Canonical-Correlation-Based Fast Feature Selection for Structural Health Monitoring
This is an incremental improvement for structural health monitoring, enabling efficient feature selection in real-world scenarios with limited computing capability.
The paper tackled the problem of feature selection for structural health monitoring by proposing a fast algorithm based on canonical correlation coefficients, achieving extraordinarily fast computational speed in both synthetic and real datasets.

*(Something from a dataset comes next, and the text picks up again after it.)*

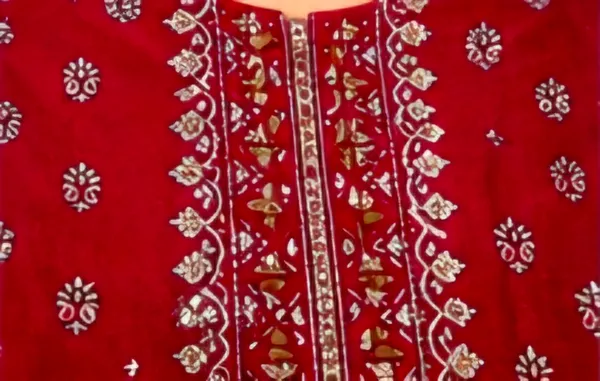 Red_Rayon_Unstitched_Suit_Set_For_Women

Feature selection refers to the process of selecting useful features for machine learning tasks, and it is also a key step for structural health monitoring (SHM). This paper proposes a fast feature selection algorithm by efficiently computing the sum of squared canonical correlation coefficients between monitored features and target variables of interest in greedy search. The proposed algorithm is applied to both synthetic and real datasets to illustrate its advantages in terms of computational speed, general classification and regression tasks, as well as damage-sensitive feature selection tasks. Furthermore, the performance of the proposed algorithm is evaluated under varying environmental conditions and on an edge computing device to investigate its applicability in real-world SHM scenarios. The results show that the proposed algorithm can successfully select useful features with extraordinarily fast computational speed, which implies that the proposed algorithm has great potential where features need to be selected and updated online frequently, or where devices have limited computing capability.